Durante la década de los 80s (siglo XX) en Perú existió un grupo terrorista llamado “Sendero luminoso” de filiación maoísta. Muchos años hubo cruentos asesinatos y destrucción por todo el país. Finalmente el cabecilla del movimiento cayó y el grupo desmantelado. Con restos de atentados a torres de comunicación: hierro, material destruido, etc., se construyó una cruz gigantesca, que se iluminó de neón y se colocó en la bahía de Lima. Cada atardecer se enciende la gran cruz, que ilumina toda la costa limeña, pudiéndose ver desde bastantes puntos de la ciudad.

Cruz

 

Acabó la guerrilla y resurgió la vida normal, tranquila, con paz.

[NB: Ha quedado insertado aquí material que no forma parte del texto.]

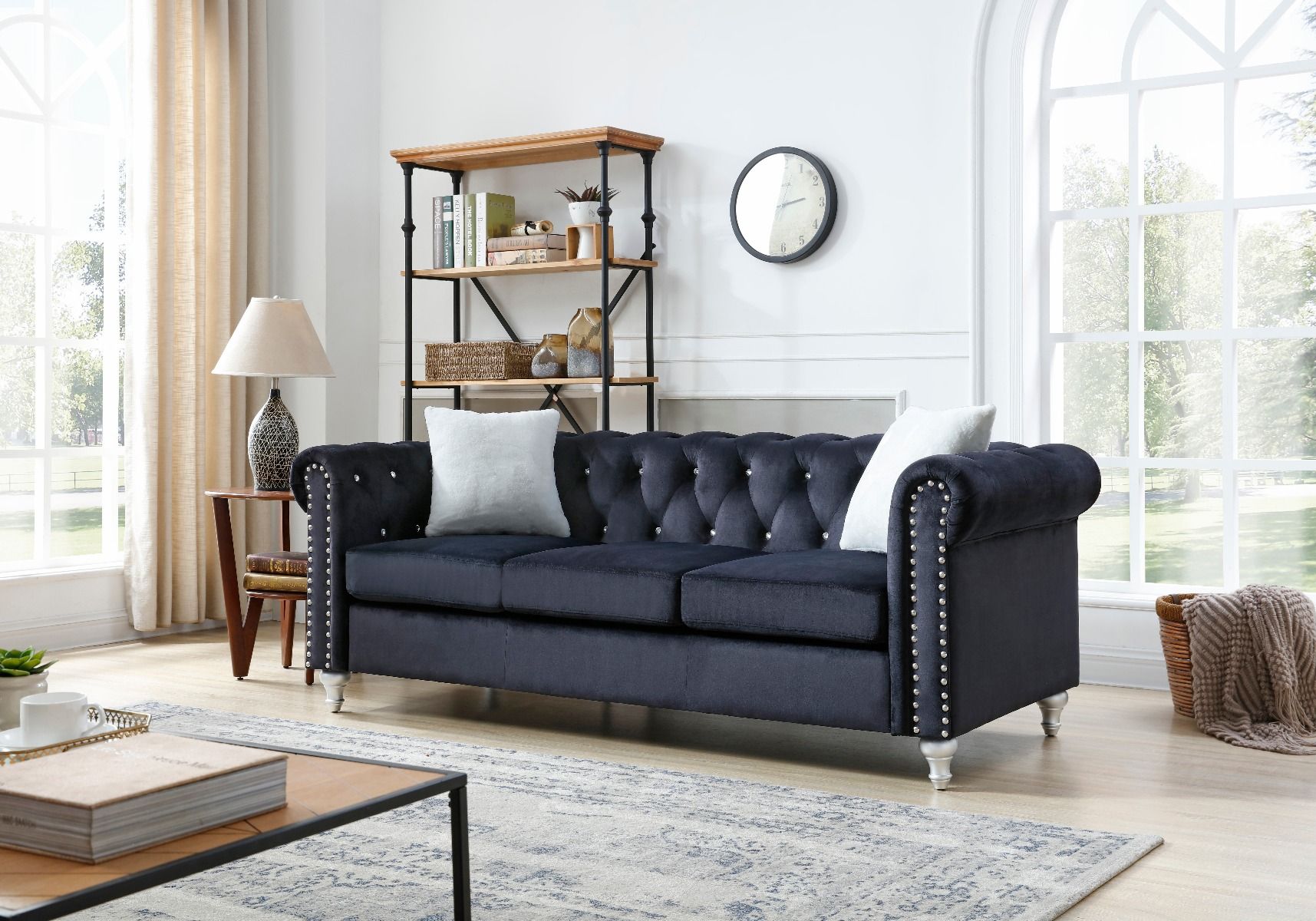 The appearance of Raisa Living Room Set In Black designed by Glory in the modern / contemporary interior design. This black piece of furniture was selected by 1StopBedrooms from Raisa Collection to add a touch of cosiness and style into your home. Sku: G863A-S-Sofa Seat and Frame;G863A-S-Sofa Back;G863A-S-Sofa Arms;G863A-L-Love Seat Arms and Frame;G863A-L-Loveseat Back. Material: Wood.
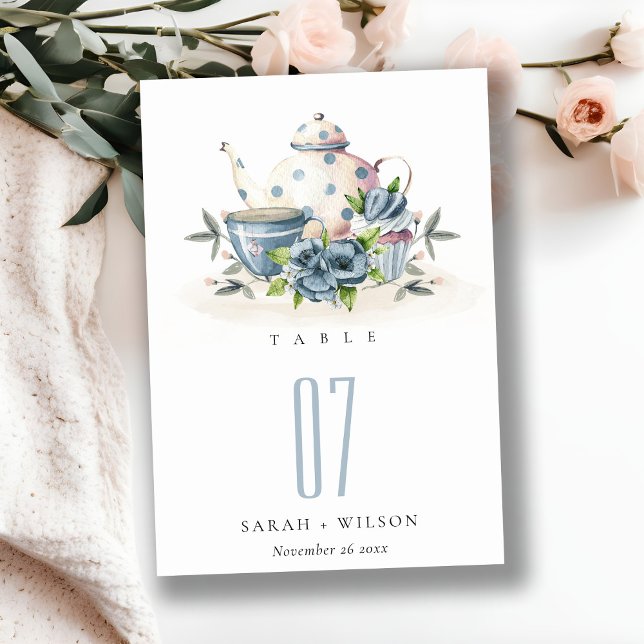 Elegant Cute Aqua Blue blommigt Tekanna Kopp Bröll Bordsnummer (Skapare uppladdad)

Más que buscar venganza –sí se intentó hacer justicia, en la medida en que eso es humanamente posible-, se trató de cambiar de página, dejando solo esa luminosa cruz como recuerdo. No soy partidario de las luces de neón, menos en las iglesias, pero debo confesar que el reflejo en el mar de la limeña se ve bien e invita pensar: más allá de la oscuridad en la que puede envolverse el corazón humano, está la luz de la gracia, la luz de Dios, que no abandona a sus hijos. Aunque a veces pareciera que no, hay un límite a la maldad del corazón humano, el límite puesto por la paciencia de Dios, o la Misericordia de Dios, si hemos de atender a lo que sugiere Juan Pablo II en “Memoria e identidad”.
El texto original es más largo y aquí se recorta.